Re: count of occurences PLUS optimisation

From: "Thurstan R(dot) McDougle" <trmcdougle(at)my-deja(dot)com>
To: pgsql-hackers(at)postgresql(dot)org(dot)pgsql-general(at)postgresql(dot)org
Subject: Re: count of occurences PLUS optimisation
Date: 2001-09-13 12:03:54
Message-ID: 3BA0A0AA.5E8D42C4@my-deja.com
Views: Raw Message | Whole Thread | Download mbox | Resend email
Thread:
Lists: pgsql-general pgsql-hackers

HACKERS: see the end of this message about a possible optimisation for
ORDER BY+LIMIT cases (the normal use of LIMIT?)

Adam wrote:
>
> I help run a job database and have a table of search records. I want
> a query that will return the top 10 jobs by search frequency. I'm
> familiar with ORDER BY and LIMIT, so I basically need this:
>
> Given a table search_records:
> job_num
> -------
> 1
> 2
> 2
> 3
> 4
> 4
> 4
>
> I want a query that will return:
> job_num | count
> --------+------
> 1 |1
> 2 |2
> 3 |1
> 4 |3
>
> I tried
>
> select distinct job_num, (select count(*) from search_records j where
> j.job_num=k.job_num) from search_records k
>
> but it is horribly slow (it takes several minutes on a table of about
> 25k rows!). I assume it scans the entire table for every job_num in
> order to count the number of occurences of that job_num, taking order
> n^2 time. Since I can easily use job_num as an index (being integers
> from 0 to roughly 400 so far) I could just do a "select * from
> search_records" and do the counting in PHP (our HTML pre-processor) in
> order n time. However, I don't know how to do an order n*log(n) sort
> in PHP, just n^2, so there would still be an efficiency problem.
> I have Postgresql 7.0.3.
> Help is of course greatly appreciated.

I have not tried it but how about:-

select job_num from
(select job_num, count(*) as c from search_records group by job_num)
order by c limit 10;

I am not sure if count(*) would work in this context, if not try count()
on some field that is in every record.

If you can be sure that the top 10 will have at least a certain
threshold of searches (perhaps >1!) then it MIGHT be faster, due to less
data being sorted for the outer selects order by, (experiment) to do:-

select job_num from
(select job_num, count(*) as c from search_records group by job_num
HAVING c>1)
order by c limit 10;

It would depend on how efficient the ORDER BY and LIMIT work together.
(The ORDER BY could build a list of LIMIT n items and just replace items
in that list...a lot more efficient both of memory and comparisons than
building the full list and then keeping the top n)

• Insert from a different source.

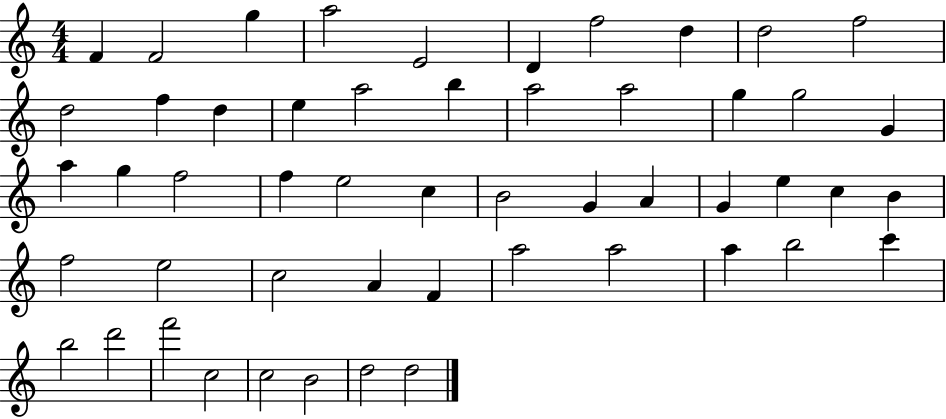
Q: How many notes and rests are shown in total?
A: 52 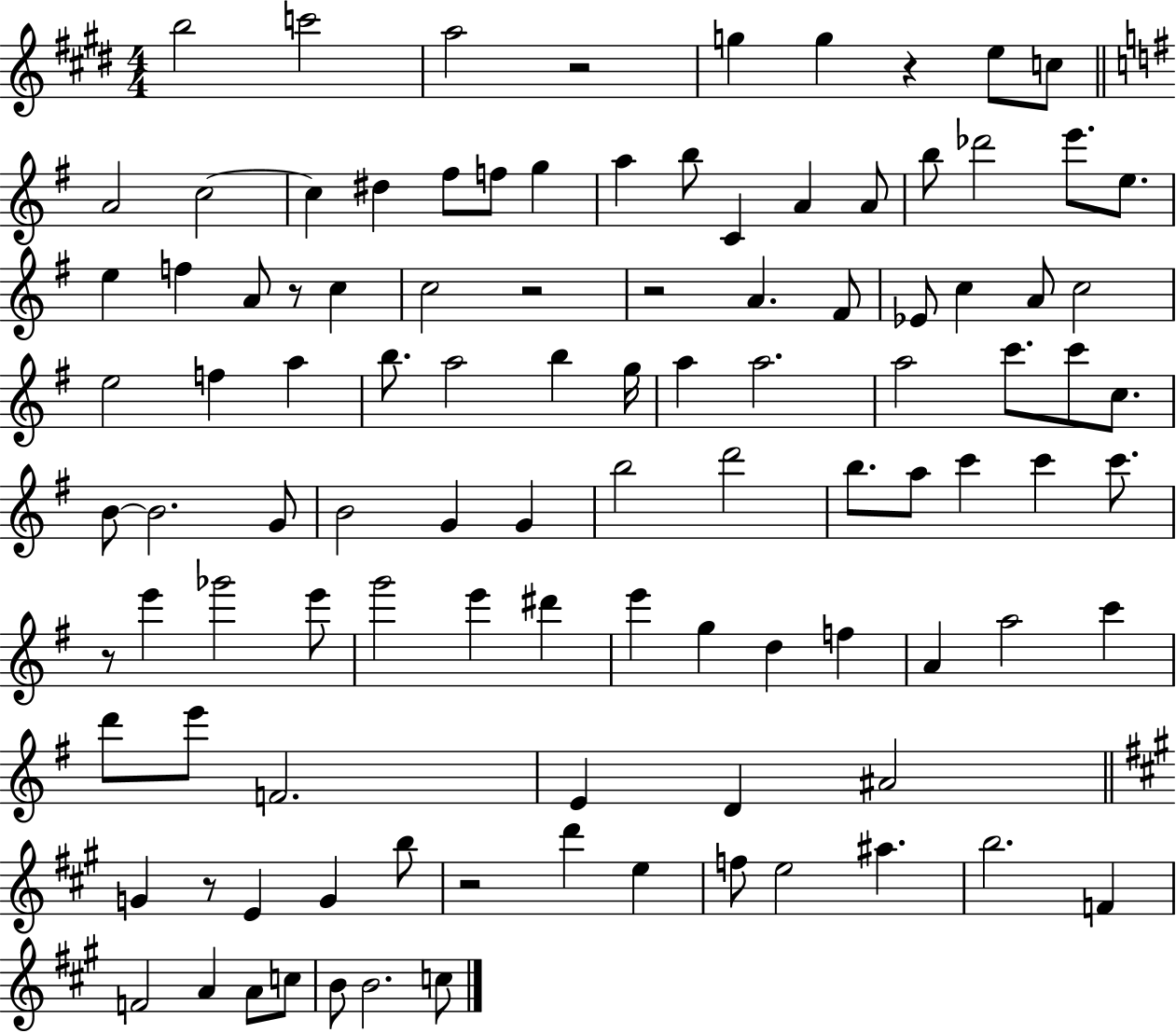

HACKERS: If it does not do this it might be a usefull optimisation.
There would probably need to be a cutoff limit on whether to apply this
method or sort and keep n. Also for LIMIT plus OFFSET it would need to
build a list of the the total of the LIMIT and OFFSET figures.

--
This is the identity that I use for NewsGroups. Email to
this will just sit there. If you wish to email me replace
the domain with knightpiesold . co . uk (no spaces).

In response to

Responses

Browse pgsql-general by date

  From Date Subject
Next Message Fernando Schapachnik 2001-09-13 12:09:28 Re: where cannot use alias name of column?
Previous Message Thurstan R. McDougle 2001-09-13 11:32:20 Re: Inheritance c.cities ??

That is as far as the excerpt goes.